[OpenWrt-Devel] wifi dropouts; regression since 2015 still not fixed

Luke Dashjr luke at dashjr.org
Sat May 26 13:59:45 EDT 2018

On Saturday 26 May 2018 17:11:56 you wrote:
> On Sat, May 26, 2018 at 12:34:30PM +0000, Luke Dashjr wrote:
> > Half a year ago, I went to the trouble to identify the exact cause of the
> > regression since 2015 where Openwrt/LEDE would drop off wifi every few
> > hours:
> >
> > https://bugs.openwrt.org/index.php?do=details&task_id=1180
> >
> > There's even a clear and obvious solution: just remove the broken patch.
> Thank you for bringing this up. I haven't been aware of the ticket on
> the bugtracker and can confirm this or a very similar problem on all
> ath9k devices.
> So do I get right that you can also confirm the problem exists and have
> tried significantly hard to make sure that removing patch
> 355-ath9k-limit-retries-for-powersave-response-frames.patch
> and/or completely disabling power-management resolves it?
> If so, please share in more detail what exactly you have tested, on
> which exact hardware and in which way(s) you can reproduce that the
> problem does exist for sure or doesn't exist for sure.

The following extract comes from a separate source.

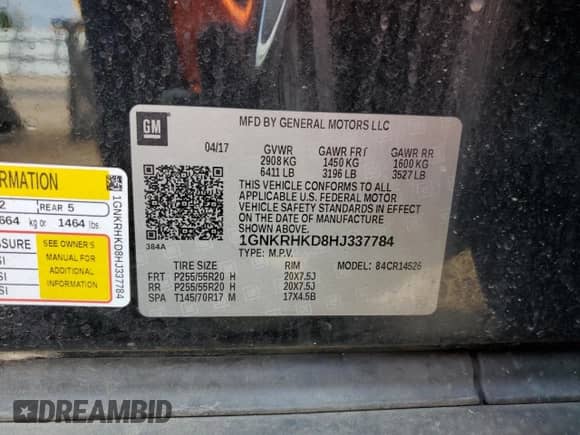 2017 Chevrolet Traverse LT с VIN 1GNKRHKD8HJ337784, выставлен на аукционе Copart как лот 67645015 с пробегом 85 162 миль миль и Списание • Salvage title. История ставок и продаж доступна на DreamBid. Изображение 13.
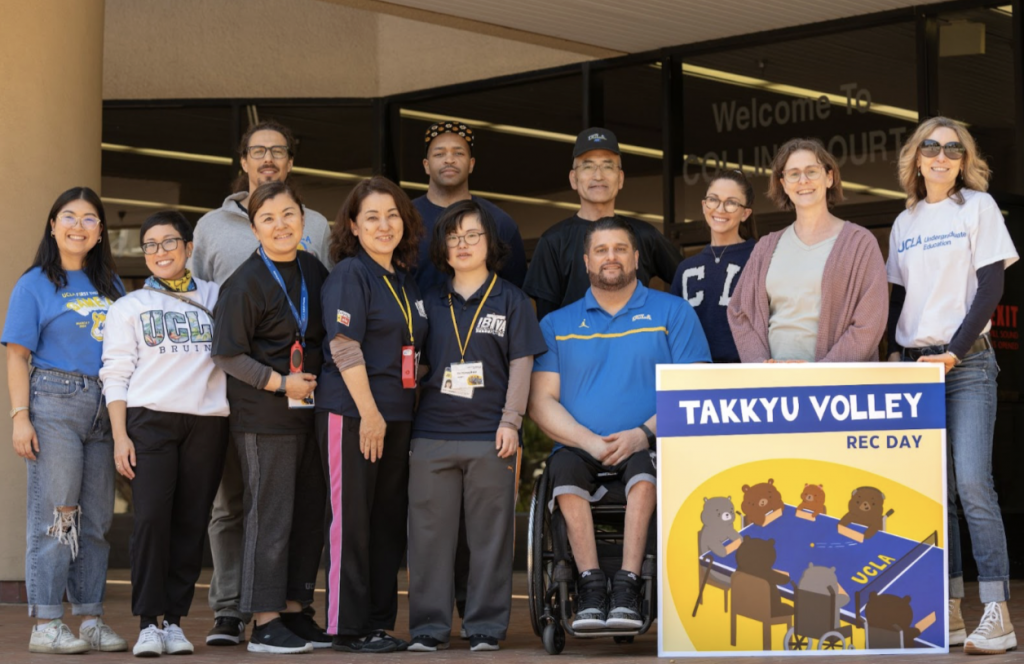 UCLA faculty and community members gather in front of JWC after a successful Takkyu Volley Rec Day. From left to right: Charlotte Vo, Pia Palomo, Fred Ariel Hernandez, Yuri Matsuo, Miwa Hasegawa, Yu Hasegawa, Hiro Hasegawa, Michael Garafola, Caitlin Solone, Brooke Wilkinson, Leigh Harris.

My personal setup for testing is as follows:

Two Nest thermostats, which upon connecting to my network, I shut off the 
NestLabs application (which sets up the wifi, among the thermostats' primary 
controls) and launch my own (which doesn't handle wifi). The relevance of 
these is limited only to detecting the bad wifi conditions - they could 
presumably be replaced with any other device that connects once and does not 
reconnect when the network fails.

Buffalo WZR-600DHP router. Until 6 months ago, I ran Attitude Adjustment for 
years with no issues. Due to exploits (I forget which), I tried upgrading to 
LEDE, and found the wifi would drop out after a few hours. I tolerated this 
problem for a few weeks before going to the effort to do an exhaustive git 
bisect, building new firmware images to try after confirming stability for a 
few days (or instability usually within a day).

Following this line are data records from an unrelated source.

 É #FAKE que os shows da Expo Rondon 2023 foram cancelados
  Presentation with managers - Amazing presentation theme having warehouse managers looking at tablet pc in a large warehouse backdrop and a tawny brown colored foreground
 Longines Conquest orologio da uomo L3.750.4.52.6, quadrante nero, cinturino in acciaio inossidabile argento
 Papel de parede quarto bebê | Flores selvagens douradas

Last November, after isolating the problematic commit to 
b30e092de65ca7be7cb277f934016484137d924c, and the problematic patch to (at 
the time) 305-ath9k-limit-retries-for-powersave-response-frames.patch, I 
checked out 6b6578feec74dfe1f5767c573d75ba08cc57c885 (HEAD of the lede-17.01 
branch at the time, I believe) and created the following patch:

@@ -20,7 +20,7 @@ Signed-off-by: Felix Fietkau <nbd at openwrt.org>
 -                        struct ath_buf *bf)
 +                        struct ath_buf *bf, bool ps)
-+      struct ieee80211_tx_info *info = IEEE80211_SKB_CB(bf->bf_mpdu);
++      struct ieee80211_tx_info *info = IEEE80211_SKB_CB(bf->bf_mpdu); 
 +      if (ps) {
 +              /* Clear the first rate to avoid using a sample rate for PS 
frames */

I ran this build on my router from November until February. In February, I 
merged it into 92ea65b36aa783f28accd01fa4850f3640d2c6b6 and upgraded my 
router, and have been running that ever since.

I can't say wifi has been 100% reliable since November, but drop-outs are 
maybe monthly instead of every few hours.

> > Yet still it's been 6 months with nothing done... not even an
> > acknowledgement that the bug report was seen by a human.
> Probably due to the bug description which makes it look like if it was
> a device-specific problem and you could only reproduce it on those
> specific Buffalo boxes...

Don't have anything else to test on :)

> > I even emailed nbd (who added the broken patch) back in November, and
> > heard nothing back from him either.
> >
> > Is Openwrt even being maintained at this point? Has everyone moved on to
> > yet another project or something?
> nah. LEDE has merged back with OpenWrt, as you can see in the git
> history, we have been very active in the recent past and a new release
> is coming up very soon (18.06). It's kinda true that currently nobody
> feels too responsible for ath9k, because most people developing code
> for new hardware have moved on to mt76, ath10k and so on.
> I agree that this is not a very desirable situation and as a community-
> driven project with most contributions being unpaid for, there is not
> much we can do about it. In that sense, you just did something valuable
> by bringing up the culprit patch responsible for all our ath9k problems
> and hopefully someone with that hardware around will find the time to
> come up with a good solution.

Somewhat off-topic, but... is there any company today that financially 
supports the work/development of Openwrt? As noticed, my router is a bit out 
of date, and when I upgrade, I'd prefer to support a company that supports 
the free software firmware community. :)